• _How to complete this task_: Whether an entry is long or short, retype it exactly.

• _Supplied material_:
______

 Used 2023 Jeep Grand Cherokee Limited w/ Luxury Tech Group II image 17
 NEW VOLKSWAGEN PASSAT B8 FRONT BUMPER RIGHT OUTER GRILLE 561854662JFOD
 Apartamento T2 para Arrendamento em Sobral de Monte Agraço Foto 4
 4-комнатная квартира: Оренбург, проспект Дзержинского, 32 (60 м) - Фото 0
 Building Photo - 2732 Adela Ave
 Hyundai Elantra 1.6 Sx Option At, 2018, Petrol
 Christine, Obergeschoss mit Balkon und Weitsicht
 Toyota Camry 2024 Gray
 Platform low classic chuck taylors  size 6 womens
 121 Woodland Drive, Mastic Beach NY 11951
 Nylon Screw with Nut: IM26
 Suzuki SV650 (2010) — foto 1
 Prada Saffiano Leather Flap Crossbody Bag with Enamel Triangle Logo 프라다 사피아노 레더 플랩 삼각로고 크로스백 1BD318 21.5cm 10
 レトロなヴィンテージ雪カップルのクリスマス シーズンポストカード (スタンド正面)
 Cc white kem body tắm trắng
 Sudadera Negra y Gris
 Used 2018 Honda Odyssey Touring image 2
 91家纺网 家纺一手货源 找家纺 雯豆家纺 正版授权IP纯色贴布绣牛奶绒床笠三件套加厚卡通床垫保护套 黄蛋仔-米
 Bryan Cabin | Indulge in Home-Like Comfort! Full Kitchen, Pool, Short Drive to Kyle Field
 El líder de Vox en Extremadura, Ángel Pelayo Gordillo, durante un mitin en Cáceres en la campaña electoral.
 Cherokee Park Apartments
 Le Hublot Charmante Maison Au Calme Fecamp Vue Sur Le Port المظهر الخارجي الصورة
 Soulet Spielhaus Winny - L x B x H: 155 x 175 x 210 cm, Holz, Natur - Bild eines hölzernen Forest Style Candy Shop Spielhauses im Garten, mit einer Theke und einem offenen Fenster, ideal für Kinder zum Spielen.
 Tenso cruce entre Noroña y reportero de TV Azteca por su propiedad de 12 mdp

______

• _Answer_:
 Used 2023 Jeep Grand Cherokee Limited w/ Luxury Tech Group II image 17
 NEW VOLKSWAGEN PASSAT B8 FRONT BUMPER RIGHT OUTER GRILLE 561854662JFOD
 Apartamento T2 para Arrendamento em Sobral de Monte Agraço Foto 4
 4-комнатная квартира: Оренбург, проспект Дзержинского, 32 (60 м) - Фото 0
 Building Photo - 2732 Adela Ave
 Hyundai Elantra 1.6 Sx Option At, 2018, Petrol
 Christine, Obergeschoss mit Balkon und Weitsicht
 Toyota Camry 2024 Gray
 Platform low classic chuck taylors  size 6 womens
 121 Woodland Drive, Mastic Beach NY 11951
 Nylon Screw with Nut: IM26
 Suzuki SV650 (2010) — foto 1
 Prada Saffiano Leather Flap Crossbody Bag with Enamel Triangle Logo 프라다 사피아노 레더 플랩 삼각로고 크로스백 1BD318 21.5cm 10
 レトロなヴィンテージ雪カップルのクリスマス シーズンポストカード (スタンド正面)
 Cc white kem body tắm trắng
 Sudadera Negra y Gris
 Used 2018 Honda Odyssey Touring image 2
 91家纺网 家纺一手货源 找家纺 雯豆家纺 正版授权IP纯色贴布绣牛奶绒床笠三件套加厚卡通床垫保护套 黄蛋仔-米
 Bryan Cabin | Indulge in Home-Like Comfort! Full Kitchen, Pool, Short Drive to Kyle Field
 El líder de Vox en Extremadura, Ángel Pelayo Gordillo, durante un mitin en Cáceres en la campaña electoral.
 Cherokee Park Apartments
 Le Hublot Charmante Maison Au Calme Fecamp Vue Sur Le Port المظهر الخارجي الصورة
 Soulet Spielhaus Winny - L x B x H: 155 x 175 x 210 cm, Holz, Natur - Bild eines hölzernen Forest Style Candy Shop Spielhauses im Garten, mit einer Theke und einem offenen Fenster, ideal für Kinder zum Spielen.
 Tenso cruce entre Noroña y reportero de TV Azteca por su propiedad de 12 mdp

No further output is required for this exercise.